However, the Muslim Council of Britain said the government should admit it had made a mistake.

Prime Minister Gordon Brown's spokesman told reporters: "We are seeking to remove these individuals on grounds of national security.

"The government's highest priority is to protect public safety. Where a foreign national poses a threat to the country, we will seek to exclude or deport them where appropriate."

However, lawyers for the men point out that they have not been charged and are innocent of any crime.

Of the 12 men arrested in raids in Liverpool, Manchester and Clitheroe in Lancashire, 11 were Pakistani nationals, with 10 holding student visas. One was from Britain.

The Crown Prosecution Service decided there was insufficient evidence to press charges or hold them any longer.

Greater Manchester Police led the inquiry and Mr Fahy said: "I do not believe a mistake has been made.

"I do not feel embarrassed or humiliated about what we have done. We carried out our duty."

He added the fact the raids had to be brought forward after Metropolitan Police Assistant Commissioner Bob Quick accidentally revealed secret documents to photographers had not affected the outcome.

'Lawful pursuits'

Lawyer Mohammed Ayub, who is representing three of the men, said in a statement: "After 13 days in custody, during which no evidence of any wrongdoing was disclosed, they have now been released without charge.

"Our clients have no criminal history, they were here lawfully on student visas and all were pursuing their studies and working part-time.
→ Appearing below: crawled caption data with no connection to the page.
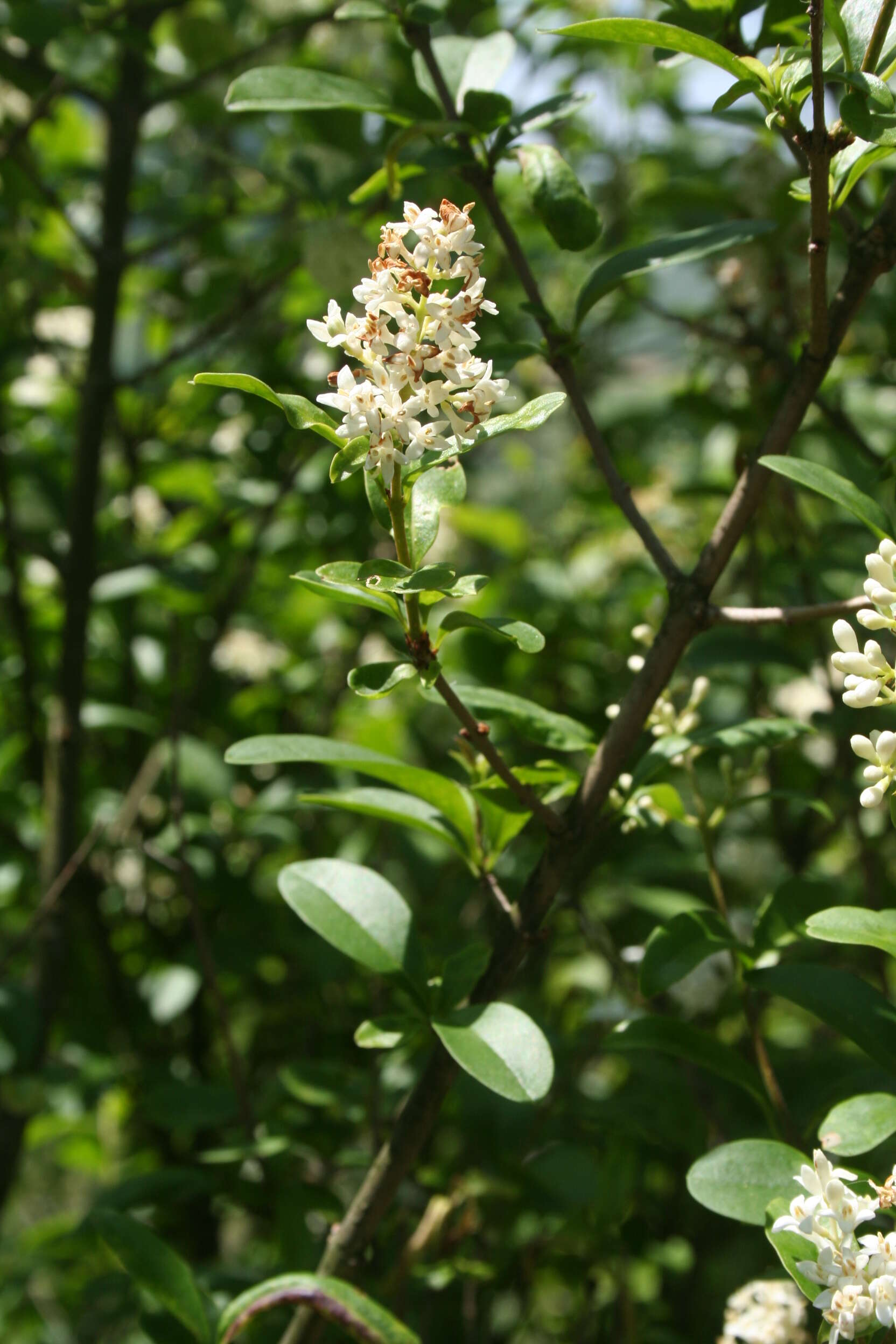 Image of European privet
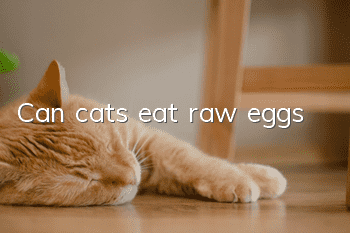 Can cats eat raw eggs?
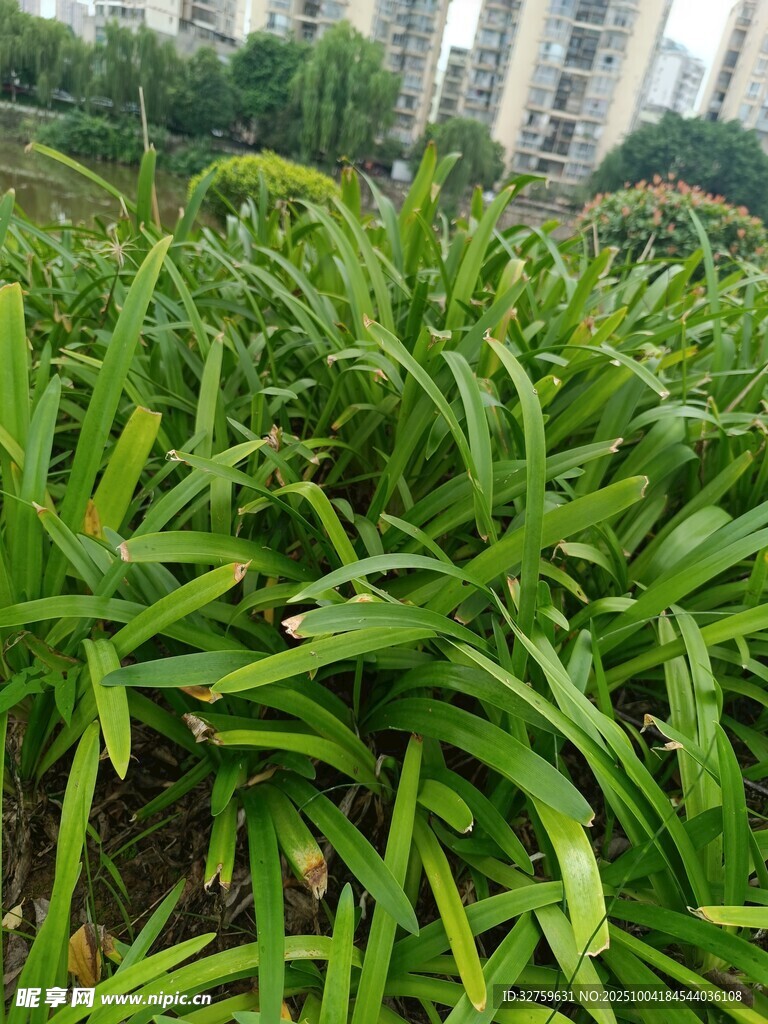翠绿繁茂的户外绿植景观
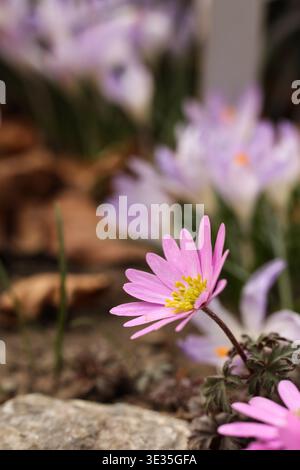 Makro einer rosa Balkananemone (Anemone blanda), die im Frühlingsgarten blüht Stockfoto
Our clients are neither extremists nor terrorists."

Inayat Bunglawala, of the Muslim Council of Britain, said the government had been "dishonourable" over the way it had dealt with the men.
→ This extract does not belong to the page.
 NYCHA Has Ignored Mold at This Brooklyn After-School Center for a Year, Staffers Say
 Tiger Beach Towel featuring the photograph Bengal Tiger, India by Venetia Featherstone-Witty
Mr Bunglawala told the BBC that when the arrests "took place in very dramatic circumstances of students being arrested at university and thrown to the floor" the public had been assured the men posed a serious threat.
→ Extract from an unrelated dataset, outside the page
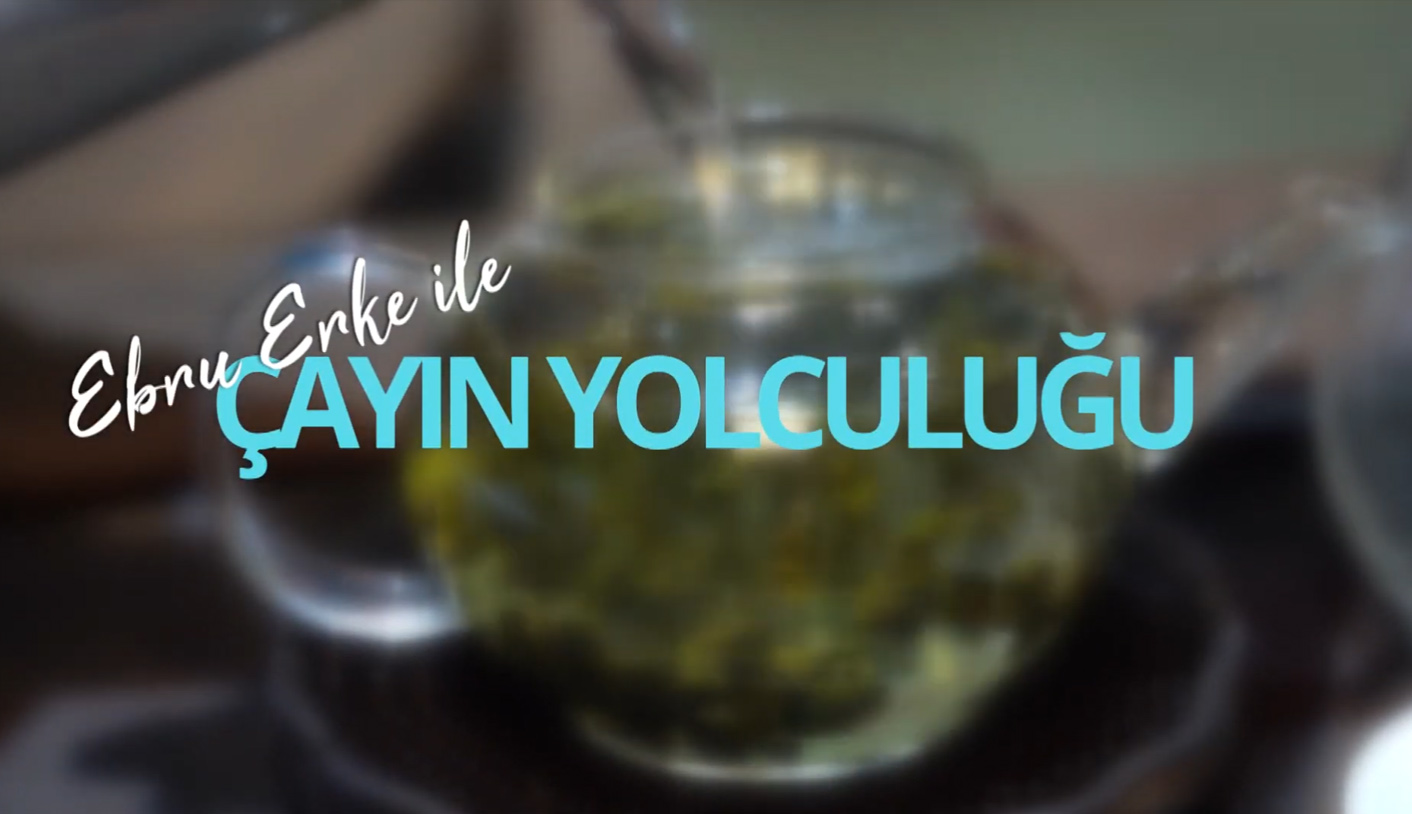 ÇAYIN YOLCULUĞU PROGRAMI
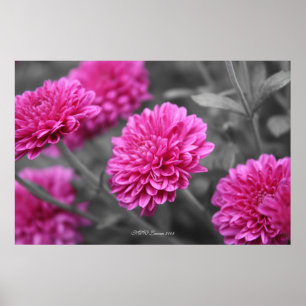 Roze Mums Poster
He said it was unacceptable for the government to make these sorts of prejudicial remarks from the outset and then, having found insufficient evidence to bring charges, to deport the men anyway.

'Premature remarks'

"Politics should not be interfering with what is primarily a legal process," he said.

"What we don't want is people becoming cynical as a result of politician's premature remarks and thinking: 'well, that's what they said last time'."

BBC security correspondent Gordon Corera said: "I think there will be a sense of a need to learn some lessons from this is in terms of public presentation."

Assistant Commissioner Quick - the UK's most senior counter-terrorism officer - quit his post a day after the operation.

However, Home Secretary Jacqui Smith told MPs on Monday the error had not damaged the operation and the only impact had been that the raids had been brought forward "by a matter of hours".